Simulations of seismic hazard for the Pacific Northwest of the United States from earthquakes associated with the Cascadia subduction zone


We investigate the impact of different rupture and attenuation models for the Cascadia subduction zone by simulating seismic hazard models for the Pacific Northwest of the U.S. at 2% probability of exceedance in 50 years. We calculate the sensitivity of hazard (probabilistic ground motions) to the source parameters and the attenuation relations for both intraslab and interface earthquakes and present these in the framework of the standard USGS hazard model that includes crustal earthquakes.

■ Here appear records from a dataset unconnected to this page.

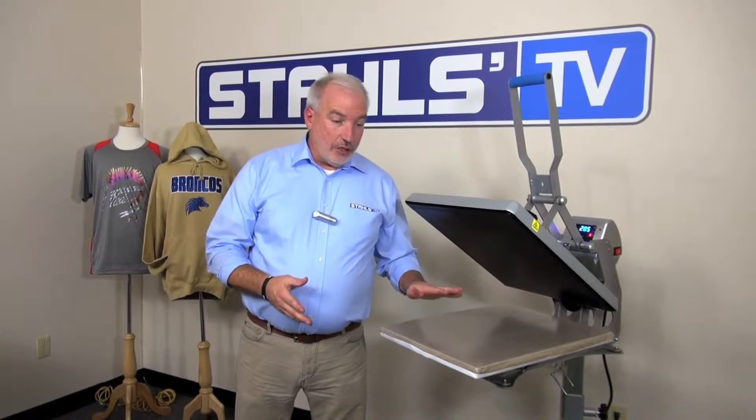Hi, I'm Bob Robinson with Stahls TV. Today we're going to talk about the Hotronix Auto Open Clam and the power requirements. We get a lot of questions from folks saying, do I have enough power? What do I need to do to plug in my press?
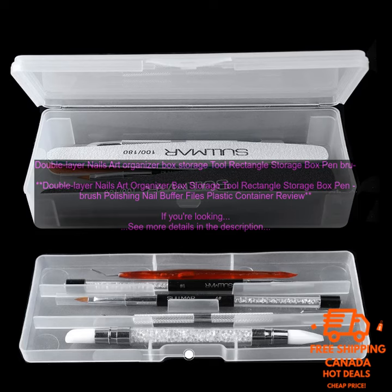Here are some of the pros and cons of the Double Layer Nails Art Organizer Box. Pros: Stylish and functional design. Two layers of storage with clear compartments. Stackable for easy storage. Lightweight and easy to move. Made of durable plastic.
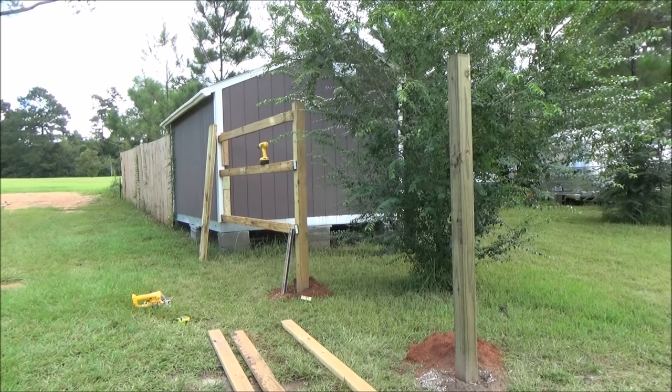Hey, y'all. Welcome to Toadstead. Well, in the last installment you saw us put up the posts here, and now we've begun to put the horizontal pieces in.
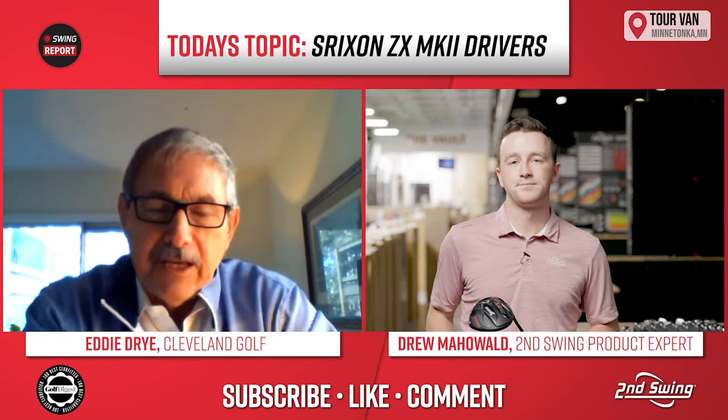Talk to me aesthetically about what you see. Looking down at address, I noticed right away the matte finish. The two big things: I love a black driver — I've always really loved the simplicity. It looks great. The matte finish, especially if you live in a sunny part of the country, is going to be a nice boost. There's not a lot going on visually. It aligns itself pretty easily. Just a nice, clean, simple black look. It catches the eye of the better player who needs a more compact shape.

Our results indicate that allowing the deep intraslab earthquakes to occur anywhere along the subduction zone increases the peak ground acceleration hazard near Portland, Oregon by about 20%. Alternative attenuation relations for deep earthquakes can result in ground motions that differ by a factor of two. The hazard uncertainty for the plate interface and intraslab earthquakes is analyzed through a Monte-Carlo logic tree approach and indicates a seismic hazard exceeding 1 g (0.2 s spectral acceleration) consistent with the U.S. National Seismic Hazard Maps in western Washington, Oregon, and California and an overall coefficient of variation that ranges from 0.1 to 0.4. Sensitivity studies indicate that the paleoseismic chronology and the magnitude of great plate interface earthquakes contribute significantly to the hazard uncertainty estimates for this region. Paleoseismic data indicate that the mean earthquake recurrence interval for great earthquakes is about 500 years and that it has been 300 years since the last great earthquake. We calculate the probability of such a great earthquake along the Cascadia plate interface to be about 14% when considering a time-dependent model and about 10% when considering a time-independent Poisson model during the next 50-year interval.